▸ Exercise requirements: Although the records contain pictures, the copy should leave them out and match everything else exactly.

= = = =

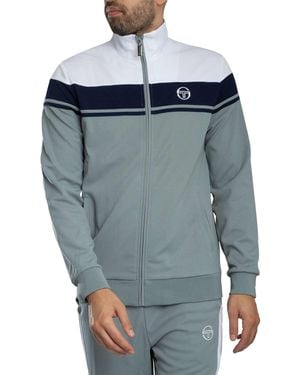 Sergio Tacchini Damarindo Track Jacket - Blue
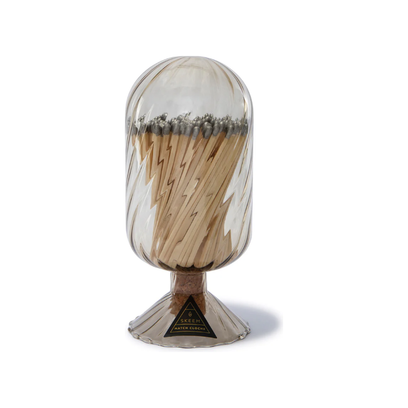 Match Cloche - Helix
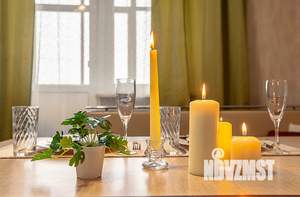 2-к квартира, посуточно, 85м2, 12/16 этаж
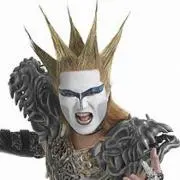 デーモン小暮閣下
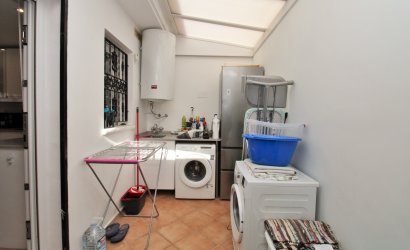 Herverkoop - Villa -
Villamartín - Los Dolses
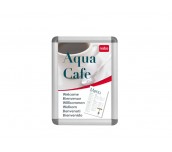 РАМКА СНАП АЛУМИНИЕВА ЗА ЛИСТ А2 NOBO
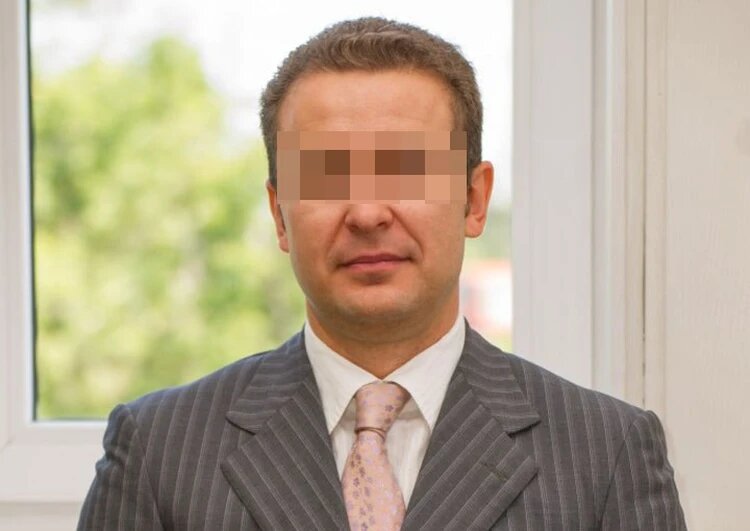 Василий Мельников был успешным бизнесменом, он с нуля построил свою компанию. Фото: Медстом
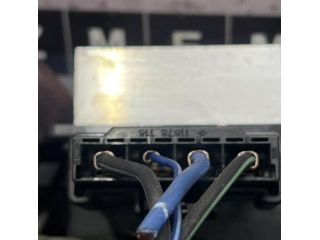 bontott JEEP COMPASS Előtét Ellenállás Fűtőmotor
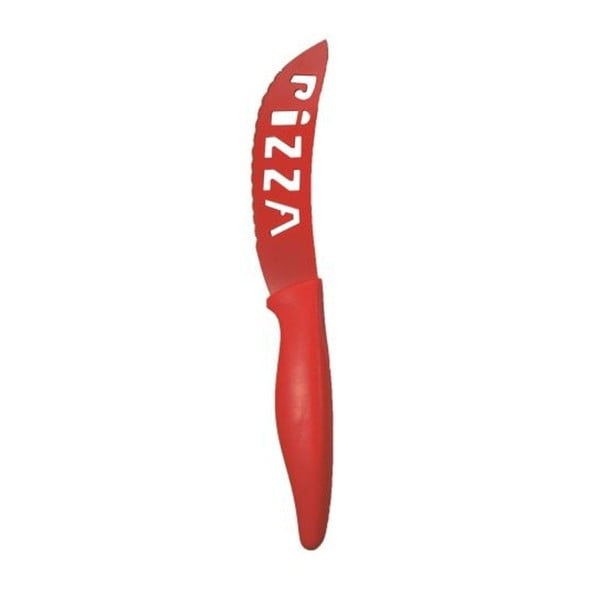 Nepriľnavý nôž Jocca Pizza Knife, 12,5 cm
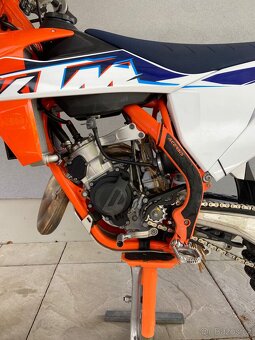 KTM 125 SX 2022 - 3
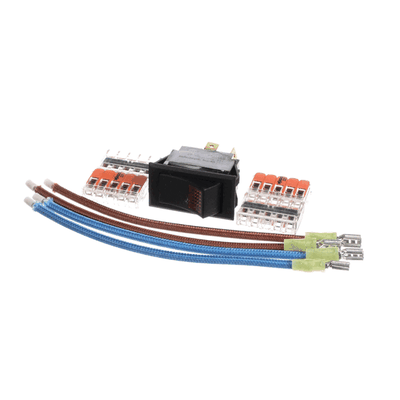 Cres Cor 0808113K Kit Switch,Light 20A,120V (CRE0808113K)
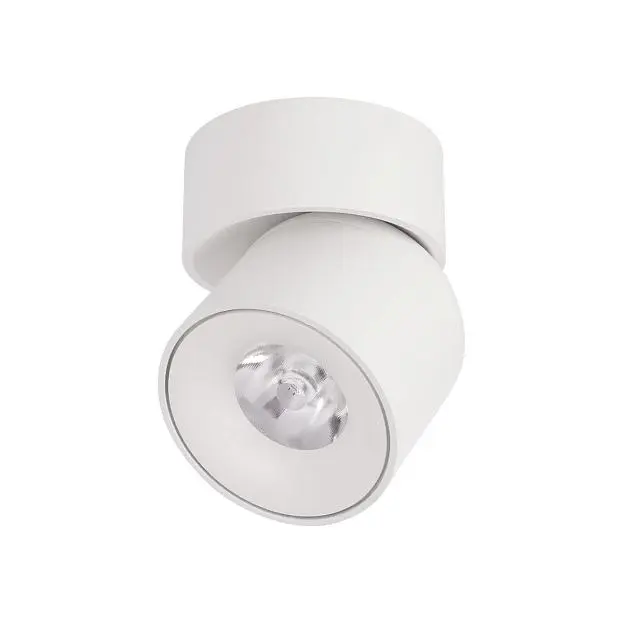 Накладной светильник Loft It 10180 White 3000K Tictac Накладной светильник Loft It 10180 White 3000K Tictac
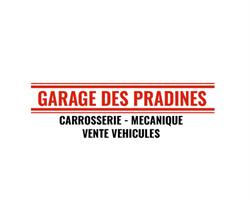 GARAGE DES PRADINES, Orange - Horaires d'ouverture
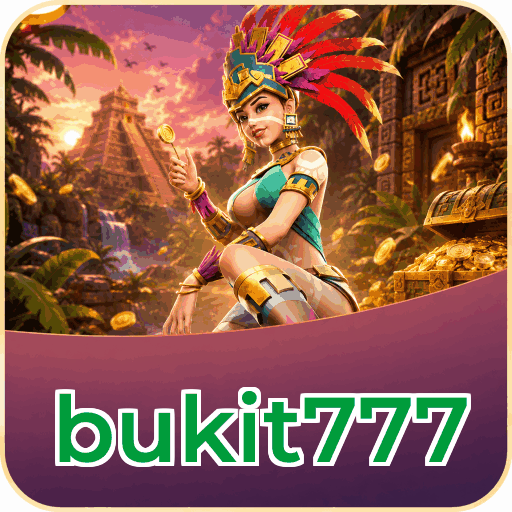 bukit777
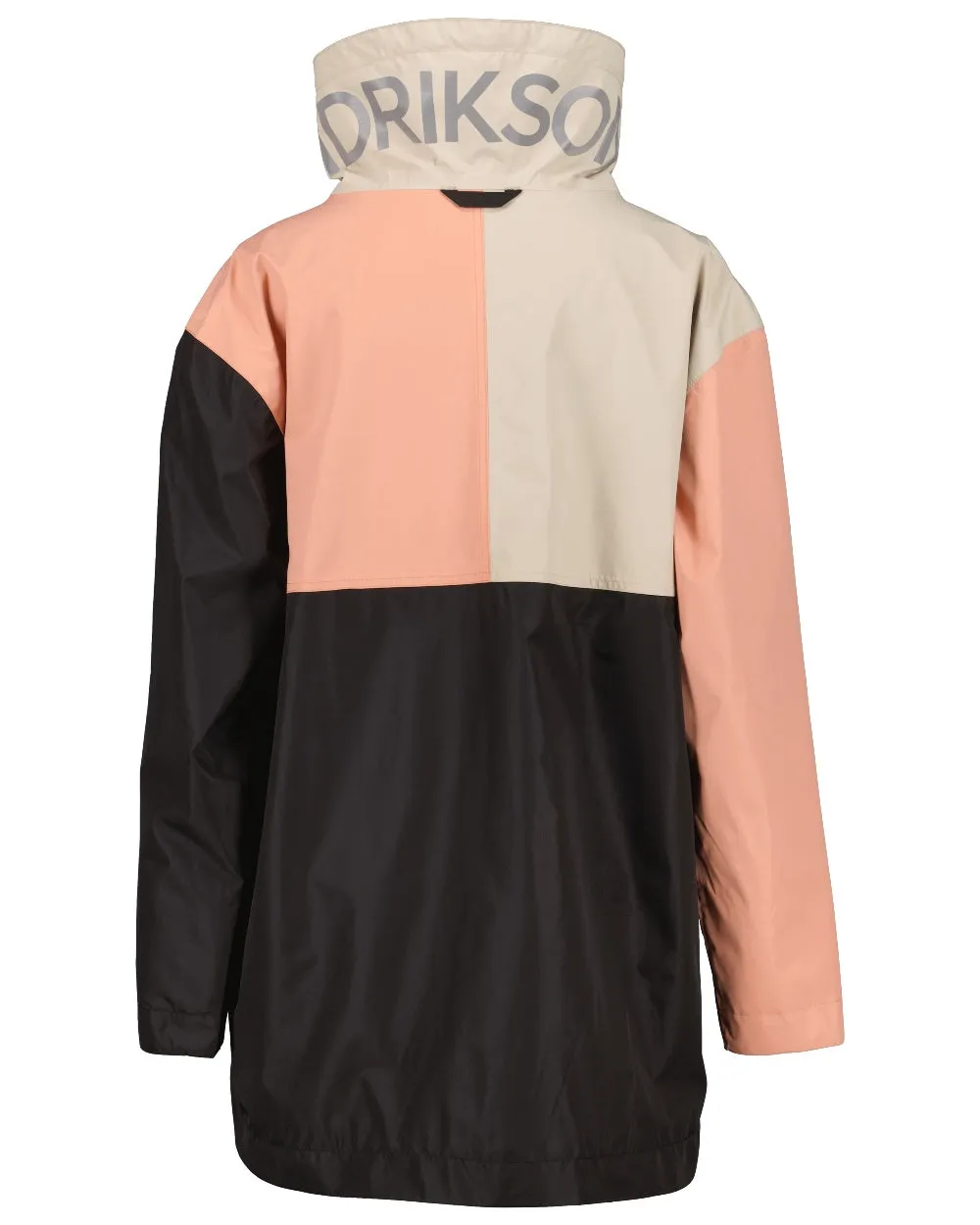 Didriksons Thyra Damenjacke 2 Didriksons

= = = =

▸ Task result:
 Sergio Tacchini Damarindo Track Jacket - Blue
 Match Cloche - Helix
 2-к квартира, посуточно, 85м2, 12/16 этаж
 デーモン小暮閣下
 Herverkoop - Villa -
Villamartín - Los Dolses
 РАМКА СНАП АЛУМИНИЕВА ЗА ЛИСТ А2 NOBO
 Василий Мельников был успешным бизнесменом, он с нуля построил свою компанию. Фото: Медстом
 bontott JEEP COMPASS Előtét Ellenállás Fűtőmotor
 Nepriľnavý nôž Jocca Pizza Knife, 12,5 cm
 KTM 125 SX 2022 - 3
 Cres Cor 0808113K Kit Switch,Light 20A,120V (CRE0808113K)
 Накладной светильник Loft It 10180 White 3000K Tictac Накладной светильник Loft It 10180 White 3000K Tictac
 GARAGE DES PRADINES, Orange - Horaires d'ouverture
 bukit777
 Didriksons Thyra Damenjacke 2 Didriksons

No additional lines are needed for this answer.